• Action item:
From the material below, copy every line in which the word "lighting" occurs.

• Records supplied:
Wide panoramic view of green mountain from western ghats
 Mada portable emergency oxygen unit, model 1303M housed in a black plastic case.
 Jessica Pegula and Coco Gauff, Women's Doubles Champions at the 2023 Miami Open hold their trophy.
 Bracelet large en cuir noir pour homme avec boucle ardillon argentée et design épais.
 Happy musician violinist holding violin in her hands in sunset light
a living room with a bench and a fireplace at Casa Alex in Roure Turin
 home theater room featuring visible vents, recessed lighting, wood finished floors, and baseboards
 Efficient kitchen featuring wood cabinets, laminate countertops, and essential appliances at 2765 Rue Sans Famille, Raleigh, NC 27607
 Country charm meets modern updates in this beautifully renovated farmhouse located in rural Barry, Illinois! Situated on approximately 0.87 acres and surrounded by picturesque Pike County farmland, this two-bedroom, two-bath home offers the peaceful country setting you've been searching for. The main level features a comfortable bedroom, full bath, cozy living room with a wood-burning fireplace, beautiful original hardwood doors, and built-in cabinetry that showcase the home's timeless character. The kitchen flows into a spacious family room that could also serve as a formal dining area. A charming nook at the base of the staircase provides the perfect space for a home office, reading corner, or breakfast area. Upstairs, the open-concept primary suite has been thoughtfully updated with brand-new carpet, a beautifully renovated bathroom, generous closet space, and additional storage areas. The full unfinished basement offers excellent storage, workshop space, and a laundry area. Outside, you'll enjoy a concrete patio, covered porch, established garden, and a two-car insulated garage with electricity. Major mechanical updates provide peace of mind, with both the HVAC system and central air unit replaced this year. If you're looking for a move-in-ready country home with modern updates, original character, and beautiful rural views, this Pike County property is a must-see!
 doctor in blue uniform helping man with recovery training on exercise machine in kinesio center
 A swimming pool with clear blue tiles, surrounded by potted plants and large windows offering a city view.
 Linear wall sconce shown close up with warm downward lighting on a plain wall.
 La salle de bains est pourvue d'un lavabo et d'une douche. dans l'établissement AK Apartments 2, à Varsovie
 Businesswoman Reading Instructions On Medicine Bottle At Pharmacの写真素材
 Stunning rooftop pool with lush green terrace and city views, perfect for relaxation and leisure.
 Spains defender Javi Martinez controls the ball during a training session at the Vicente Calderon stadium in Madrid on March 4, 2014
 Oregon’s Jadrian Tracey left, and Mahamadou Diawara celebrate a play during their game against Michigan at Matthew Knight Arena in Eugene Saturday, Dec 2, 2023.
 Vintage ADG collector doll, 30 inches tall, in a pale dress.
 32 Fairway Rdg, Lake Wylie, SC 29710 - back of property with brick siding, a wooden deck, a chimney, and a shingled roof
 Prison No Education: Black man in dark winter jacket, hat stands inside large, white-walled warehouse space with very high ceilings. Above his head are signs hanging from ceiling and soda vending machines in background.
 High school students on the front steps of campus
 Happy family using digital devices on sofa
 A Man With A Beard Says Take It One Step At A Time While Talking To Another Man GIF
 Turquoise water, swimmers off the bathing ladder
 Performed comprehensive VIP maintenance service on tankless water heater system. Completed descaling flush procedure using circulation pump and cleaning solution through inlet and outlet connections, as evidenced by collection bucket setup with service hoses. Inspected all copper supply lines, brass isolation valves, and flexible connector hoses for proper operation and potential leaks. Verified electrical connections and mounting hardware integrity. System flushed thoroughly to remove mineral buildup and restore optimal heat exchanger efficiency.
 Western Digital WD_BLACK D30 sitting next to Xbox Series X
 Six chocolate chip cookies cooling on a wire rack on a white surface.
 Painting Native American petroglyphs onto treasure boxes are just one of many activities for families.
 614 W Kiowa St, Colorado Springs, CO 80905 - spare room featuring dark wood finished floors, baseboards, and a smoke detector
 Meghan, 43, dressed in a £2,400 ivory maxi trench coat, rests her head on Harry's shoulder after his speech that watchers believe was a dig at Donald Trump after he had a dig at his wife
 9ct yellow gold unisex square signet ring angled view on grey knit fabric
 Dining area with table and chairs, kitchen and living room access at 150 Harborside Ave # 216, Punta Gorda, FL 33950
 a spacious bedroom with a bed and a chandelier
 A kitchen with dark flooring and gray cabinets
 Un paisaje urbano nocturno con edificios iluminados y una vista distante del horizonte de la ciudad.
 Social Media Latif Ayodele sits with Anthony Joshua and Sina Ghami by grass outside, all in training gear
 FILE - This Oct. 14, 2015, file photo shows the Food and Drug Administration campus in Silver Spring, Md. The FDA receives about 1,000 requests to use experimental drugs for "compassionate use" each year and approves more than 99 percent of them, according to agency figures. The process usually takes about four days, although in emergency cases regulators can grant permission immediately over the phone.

• Answer to the problem:
 home theater room featuring visible vents, recessed lighting, wood finished floors, and baseboards
 Linear wall sconce shown close up with warm downward lighting on a plain wall.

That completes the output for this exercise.